During the hot months it is a great delight to sit on the veranda, enjoying the cool of the evening and observing how the outlines of objects gradually become blurred (Shōnagon 200).
This is definitely a book of careful observations. It doesn't surprise me that Molly felt most connected with the lists of things from the natural world. That's one of the aspects of Shōnagon as a "character" that interest me... she is the sort of woman who keenly feels the difference between "the moist, gentle wind" of the Third Month and "the cool, rainy wind in the Eighth and Ninth Months" (Shōnagon 193). That's not a distinction I personally can relate to, but I enjoy becoming immersed in a voice that does.
Shōnagon's certainly not always likable... she can be snobby and at times cruel. One of the more hilarious moments for me is in her list of "Unsuitable Things" where she bemoans the elegant effect falling snow can give to simple houses that don't deserve it:
Snow on the houses of common people. This is especially regrettable when the moonlight shines down on it (Shōnagon 71).
I must confess that my primary interest lies more in these aspects of character... and especially relationships. I found the courtroom and bedroom politics fascinating! I wish I could appreciate the plum blossoms and the child eating strawberries half as much as the lover sneaking away with dawn's dew... but it just doesn't hold the same appeal! The observations and images leant the book beauty, the gossip kept me reading :)
I usually do remember books pretty accurately, which is why The Tale of Genji's disappearance from the memory banks is particularly disturbing. But I guess I didn't connect with the book too powerfully in my younger years. Maybe someday I'll return to it... but for now I'm pretty excited about reading Basho alongside Kimiko Hahn's Narrow Road to the Interior: Poems. And since we might be doing Hahn as a group when it's Molly's turn to host, Matsuo Basho's Narrow Road to the Interior: And Other Writings going to occupy my next "Japanese literature slot" when I've sifted through some more Woolf and tattoo research books...
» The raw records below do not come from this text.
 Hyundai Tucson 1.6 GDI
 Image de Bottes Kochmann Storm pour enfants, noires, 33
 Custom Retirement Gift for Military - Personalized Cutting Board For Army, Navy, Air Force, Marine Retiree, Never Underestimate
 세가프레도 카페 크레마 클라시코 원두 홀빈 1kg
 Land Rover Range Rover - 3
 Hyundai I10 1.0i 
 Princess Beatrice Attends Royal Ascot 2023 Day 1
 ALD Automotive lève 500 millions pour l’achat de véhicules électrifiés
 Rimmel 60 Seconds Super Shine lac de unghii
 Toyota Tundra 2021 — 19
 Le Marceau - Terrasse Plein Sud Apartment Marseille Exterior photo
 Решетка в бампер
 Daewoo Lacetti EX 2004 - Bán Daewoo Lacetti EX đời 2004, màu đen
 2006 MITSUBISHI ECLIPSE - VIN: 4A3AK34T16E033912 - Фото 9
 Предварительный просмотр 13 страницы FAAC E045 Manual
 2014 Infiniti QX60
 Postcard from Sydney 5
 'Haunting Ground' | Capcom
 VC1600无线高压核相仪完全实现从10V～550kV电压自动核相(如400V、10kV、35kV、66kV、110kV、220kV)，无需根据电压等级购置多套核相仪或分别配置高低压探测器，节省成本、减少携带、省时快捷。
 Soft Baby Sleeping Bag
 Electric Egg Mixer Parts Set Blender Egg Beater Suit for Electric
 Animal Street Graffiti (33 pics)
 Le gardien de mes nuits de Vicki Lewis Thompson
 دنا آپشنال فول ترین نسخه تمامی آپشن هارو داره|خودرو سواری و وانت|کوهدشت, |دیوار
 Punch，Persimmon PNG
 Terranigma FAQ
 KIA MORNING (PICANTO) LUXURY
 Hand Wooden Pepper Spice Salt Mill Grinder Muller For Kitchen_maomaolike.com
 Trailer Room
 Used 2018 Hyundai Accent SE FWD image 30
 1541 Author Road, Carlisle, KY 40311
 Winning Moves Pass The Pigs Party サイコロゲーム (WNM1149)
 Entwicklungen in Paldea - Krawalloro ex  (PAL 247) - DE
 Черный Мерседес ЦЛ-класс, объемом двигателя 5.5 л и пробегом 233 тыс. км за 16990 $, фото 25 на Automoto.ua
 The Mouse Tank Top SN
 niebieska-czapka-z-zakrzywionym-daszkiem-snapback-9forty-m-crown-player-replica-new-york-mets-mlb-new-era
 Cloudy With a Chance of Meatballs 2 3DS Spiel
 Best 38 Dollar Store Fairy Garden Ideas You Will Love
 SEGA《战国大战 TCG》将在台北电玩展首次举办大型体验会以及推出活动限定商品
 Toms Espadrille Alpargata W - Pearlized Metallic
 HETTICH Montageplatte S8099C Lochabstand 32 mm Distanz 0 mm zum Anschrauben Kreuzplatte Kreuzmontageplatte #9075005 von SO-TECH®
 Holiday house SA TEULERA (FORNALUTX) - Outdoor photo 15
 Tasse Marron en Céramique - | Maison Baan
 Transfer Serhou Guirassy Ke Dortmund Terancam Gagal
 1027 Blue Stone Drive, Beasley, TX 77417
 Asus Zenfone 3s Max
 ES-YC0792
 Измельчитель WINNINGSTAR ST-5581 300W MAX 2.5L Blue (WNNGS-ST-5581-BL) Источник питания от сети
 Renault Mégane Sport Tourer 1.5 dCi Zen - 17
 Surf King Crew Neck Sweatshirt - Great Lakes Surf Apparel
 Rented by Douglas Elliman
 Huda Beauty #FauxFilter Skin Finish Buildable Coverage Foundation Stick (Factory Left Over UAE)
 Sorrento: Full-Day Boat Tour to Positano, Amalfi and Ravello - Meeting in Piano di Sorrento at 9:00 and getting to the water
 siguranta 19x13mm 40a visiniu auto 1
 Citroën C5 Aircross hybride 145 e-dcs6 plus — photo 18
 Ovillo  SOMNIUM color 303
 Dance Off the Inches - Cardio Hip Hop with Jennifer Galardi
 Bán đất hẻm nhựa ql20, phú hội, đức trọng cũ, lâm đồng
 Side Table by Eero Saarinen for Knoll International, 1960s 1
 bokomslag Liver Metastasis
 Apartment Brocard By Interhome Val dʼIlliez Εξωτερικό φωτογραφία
Here's one last quote to leave us all with:
When I woke up late at night, the moonlight was pouring in through the window and shining on the bed-clothes of all the other people in the room. Its clear white brillance moved me greatly. It is on such occasions that people write poems (Shōnagon 213).
cited: Shōnagon, Sei. The Pillow Book of Sei Shōnagon. Trans. Ivan Morris. New York: Columbia University Press, 1991.